Sophie Allen

Personal information
- Full name: Sophie Allen
- National team: Great Britain
- Born: 21 March 1992 (age 34) Lincoln, England
- Height: 1.70 m (5 ft 7 in)
- Weight: 65 kg (143 lb; 10.2 st)

Sport
- Sport: Swimming
- Strokes: Medley
- Club: Stockport Metro

Medal record
Women's swimming
Representing Great Britain
European Championships (LC)
| Silver medal – second place | 2012 Debrecen | 200 m medley |
European Championships (SC)
| Bronze medal – third place | 2013 Herning | Women's 200 metre individual medley |
| Bronze medal – third place | 2013 Herning | Women's 4 × 50 m medley relay |

= Sophie Allen =

English swimmer (born 1992)

Sophie Nicole Allen (born 21 March 1992) is an English competition swimmer who has represented Great Britain in the Olympics and European championships.

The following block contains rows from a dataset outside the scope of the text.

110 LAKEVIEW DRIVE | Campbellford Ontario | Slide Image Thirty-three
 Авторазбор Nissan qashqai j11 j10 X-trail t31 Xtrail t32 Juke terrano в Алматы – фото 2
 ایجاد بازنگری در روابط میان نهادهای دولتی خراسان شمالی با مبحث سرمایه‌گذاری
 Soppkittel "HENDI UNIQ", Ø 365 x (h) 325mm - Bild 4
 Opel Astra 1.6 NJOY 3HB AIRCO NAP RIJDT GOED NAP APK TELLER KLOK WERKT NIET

She swam at the 2012 Summer Olympics in the 200-metre individual medley. She won a silver medal in that same event during the 2012 European Aquatics Championships.

== Swimming Career ==
Following a 2008 European Junior Championships silver medal in the 200 m individual medley, she qualified for the 2012 Summer Olympics in the same event by coming second in the Olympic trials. As well competing in the Olympics, in 2012 she won the silver medal at the European Aquatics Championships. She was also part of the Great Britain team that set a new national record in the short course 4 x 100 m medley relay at the 2012 Short Course World Championship.

In 2013, she was part of the Great Britain team that won the bronze medal in the 4 x 50 m relay event at the 2013 European Short Course Swimming Championships, setting a new British record. At the same championship, she also won individual bronze in the 200 m medley.

In 2014, she won bronze in event at the British Championships. That year, she took part in the Commonwealth Games, finishing 6th in the 200 m individual medley.